# Exercise goal
Transcribe the lines below verbatim, skipping the images.

# Information provided
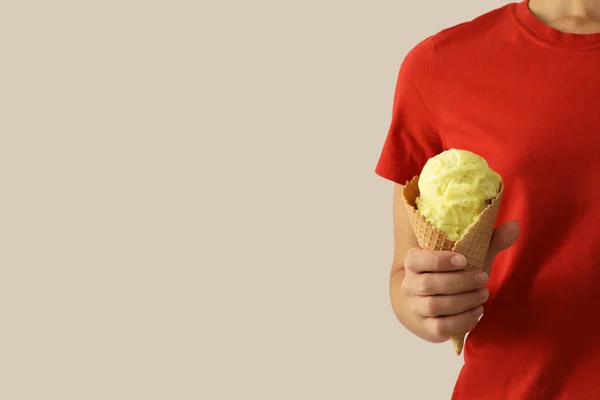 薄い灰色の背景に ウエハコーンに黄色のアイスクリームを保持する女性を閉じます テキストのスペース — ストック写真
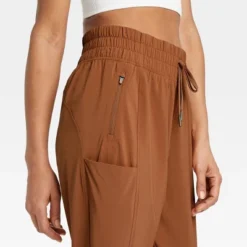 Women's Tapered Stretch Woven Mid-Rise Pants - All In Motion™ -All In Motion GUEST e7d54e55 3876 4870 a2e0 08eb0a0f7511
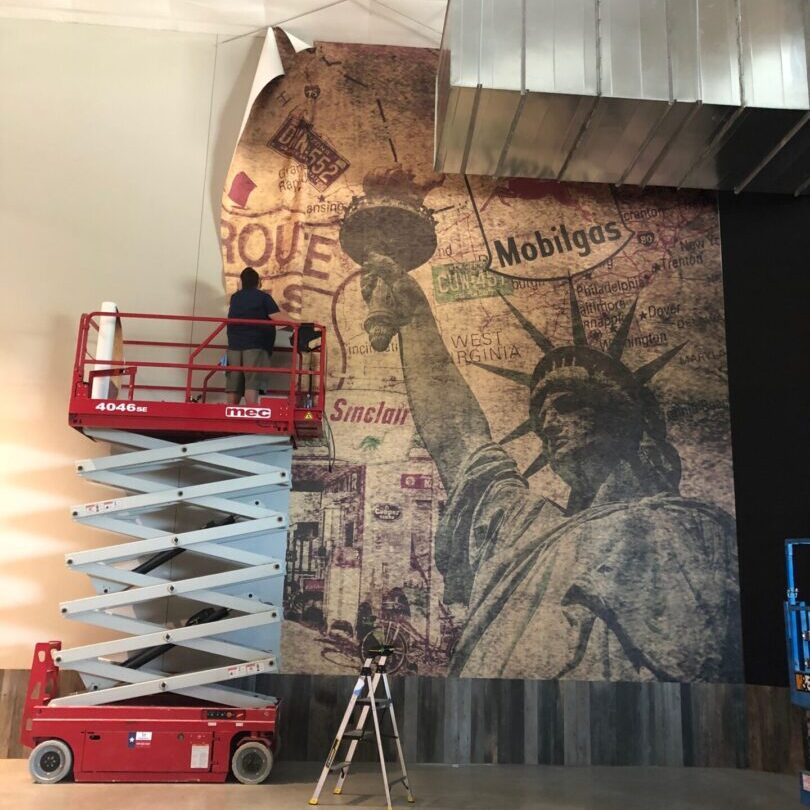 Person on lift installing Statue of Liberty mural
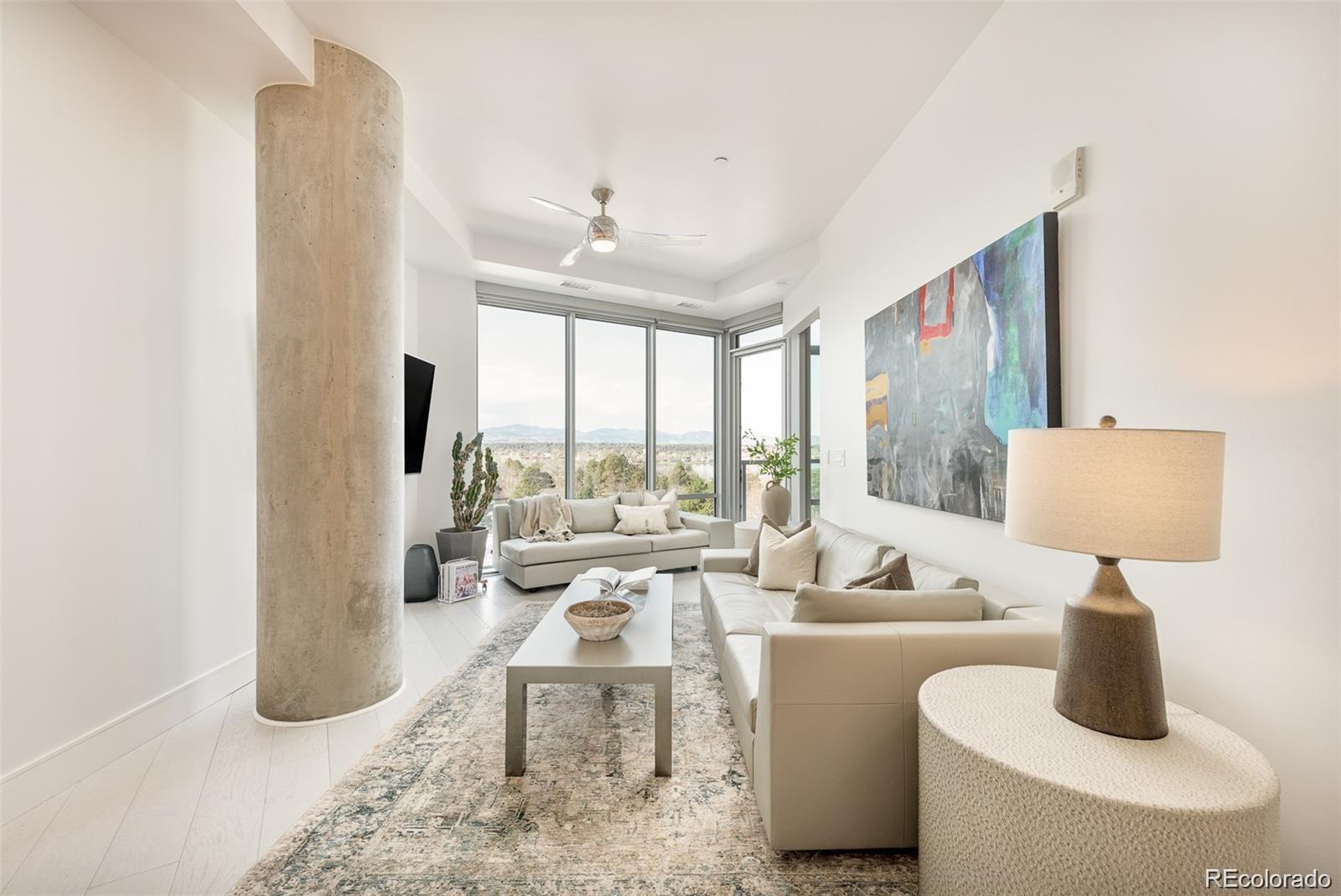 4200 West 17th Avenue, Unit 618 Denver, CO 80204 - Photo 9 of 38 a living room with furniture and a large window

# Exercise output
 薄い灰色の背景に ウエハコーンに黄色のアイスクリームを保持する女性を閉じます テキストのスペース — ストック写真
 Women's Tapered Stretch Woven Mid-Rise Pants - All In Motion™ -All In Motion GUEST e7d54e55 3876 4870 a2e0 08eb0a0f7511
 Person on lift installing Statue of Liberty mural
 4200 West 17th Avenue, Unit 618 Denver, CO 80204 - Photo 9 of 38 a living room with furniture and a large window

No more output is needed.